▶ **Work request**
Wherever a line below holds the word "Suit", copy that line.

===============

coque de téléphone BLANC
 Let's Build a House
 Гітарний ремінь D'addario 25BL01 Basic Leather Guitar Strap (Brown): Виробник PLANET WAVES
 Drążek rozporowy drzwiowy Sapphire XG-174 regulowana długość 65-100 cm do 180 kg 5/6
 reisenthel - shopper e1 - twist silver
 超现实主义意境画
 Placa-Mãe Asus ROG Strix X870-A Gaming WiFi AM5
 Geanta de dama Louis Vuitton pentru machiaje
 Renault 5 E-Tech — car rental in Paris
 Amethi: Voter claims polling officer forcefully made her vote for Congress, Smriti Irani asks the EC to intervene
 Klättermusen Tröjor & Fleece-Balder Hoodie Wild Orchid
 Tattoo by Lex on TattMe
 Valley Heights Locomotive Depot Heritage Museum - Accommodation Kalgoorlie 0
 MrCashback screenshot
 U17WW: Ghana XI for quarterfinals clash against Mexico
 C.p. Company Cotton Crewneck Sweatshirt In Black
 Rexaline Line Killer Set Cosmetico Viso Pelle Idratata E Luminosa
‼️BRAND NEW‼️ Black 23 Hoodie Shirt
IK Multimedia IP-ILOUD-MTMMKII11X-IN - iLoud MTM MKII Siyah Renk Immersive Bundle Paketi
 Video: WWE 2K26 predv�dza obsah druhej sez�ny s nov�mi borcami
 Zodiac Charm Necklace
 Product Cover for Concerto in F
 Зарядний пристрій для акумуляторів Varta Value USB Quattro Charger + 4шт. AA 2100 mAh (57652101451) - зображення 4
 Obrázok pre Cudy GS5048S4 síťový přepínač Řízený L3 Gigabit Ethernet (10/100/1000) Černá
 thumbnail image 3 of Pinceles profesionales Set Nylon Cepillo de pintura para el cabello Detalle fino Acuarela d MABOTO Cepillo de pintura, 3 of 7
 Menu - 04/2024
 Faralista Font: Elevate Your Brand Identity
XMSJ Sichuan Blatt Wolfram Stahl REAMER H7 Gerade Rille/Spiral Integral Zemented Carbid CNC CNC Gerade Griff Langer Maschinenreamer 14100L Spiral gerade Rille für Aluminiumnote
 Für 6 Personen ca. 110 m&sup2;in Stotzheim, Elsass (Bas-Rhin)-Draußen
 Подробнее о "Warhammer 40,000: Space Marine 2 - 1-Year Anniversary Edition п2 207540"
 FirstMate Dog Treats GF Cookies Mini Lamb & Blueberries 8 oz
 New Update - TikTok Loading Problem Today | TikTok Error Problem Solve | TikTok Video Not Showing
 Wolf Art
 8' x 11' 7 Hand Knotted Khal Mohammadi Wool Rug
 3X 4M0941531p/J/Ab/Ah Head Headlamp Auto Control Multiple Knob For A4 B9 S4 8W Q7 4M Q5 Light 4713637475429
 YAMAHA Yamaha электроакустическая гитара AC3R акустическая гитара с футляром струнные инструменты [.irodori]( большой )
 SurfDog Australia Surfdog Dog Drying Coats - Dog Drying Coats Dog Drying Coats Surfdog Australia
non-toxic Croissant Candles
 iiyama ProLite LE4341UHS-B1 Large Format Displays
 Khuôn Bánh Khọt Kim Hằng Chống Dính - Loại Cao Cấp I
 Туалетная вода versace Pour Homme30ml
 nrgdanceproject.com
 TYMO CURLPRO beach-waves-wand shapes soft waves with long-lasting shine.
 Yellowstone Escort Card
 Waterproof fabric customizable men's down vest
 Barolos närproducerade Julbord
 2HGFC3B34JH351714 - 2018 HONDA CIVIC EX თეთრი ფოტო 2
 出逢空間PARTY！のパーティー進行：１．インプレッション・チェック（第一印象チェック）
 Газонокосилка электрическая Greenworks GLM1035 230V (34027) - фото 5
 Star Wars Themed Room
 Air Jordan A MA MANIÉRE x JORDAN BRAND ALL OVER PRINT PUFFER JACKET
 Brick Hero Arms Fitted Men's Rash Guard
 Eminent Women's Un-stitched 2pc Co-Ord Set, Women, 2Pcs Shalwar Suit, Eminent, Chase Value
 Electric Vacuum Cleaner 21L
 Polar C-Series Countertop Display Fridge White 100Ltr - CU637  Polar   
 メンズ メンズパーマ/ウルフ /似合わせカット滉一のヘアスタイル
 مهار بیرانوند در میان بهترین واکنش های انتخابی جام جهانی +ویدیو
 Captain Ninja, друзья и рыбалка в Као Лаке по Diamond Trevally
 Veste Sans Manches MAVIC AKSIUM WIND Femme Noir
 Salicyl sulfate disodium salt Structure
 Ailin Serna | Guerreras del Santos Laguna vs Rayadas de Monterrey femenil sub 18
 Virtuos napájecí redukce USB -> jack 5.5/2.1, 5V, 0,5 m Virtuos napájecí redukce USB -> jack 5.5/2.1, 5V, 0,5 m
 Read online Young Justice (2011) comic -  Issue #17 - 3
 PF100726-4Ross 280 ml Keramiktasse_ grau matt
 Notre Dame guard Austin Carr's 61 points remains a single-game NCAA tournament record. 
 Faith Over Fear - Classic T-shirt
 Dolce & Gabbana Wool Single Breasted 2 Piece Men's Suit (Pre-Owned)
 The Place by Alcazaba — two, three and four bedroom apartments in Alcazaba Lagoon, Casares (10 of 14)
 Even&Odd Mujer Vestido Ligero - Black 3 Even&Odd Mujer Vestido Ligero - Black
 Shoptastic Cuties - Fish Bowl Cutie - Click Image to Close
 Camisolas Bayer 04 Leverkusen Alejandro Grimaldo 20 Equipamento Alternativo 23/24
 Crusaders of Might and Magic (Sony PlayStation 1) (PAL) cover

===============

▶ **Task solution**
 Eminent Women's Un-stitched 2pc Co-Ord Set, Women, 2Pcs Shalwar Suit, Eminent, Chase Value
 Dolce & Gabbana Wool Single Breasted 2 Piece Men's Suit (Pre-Owned)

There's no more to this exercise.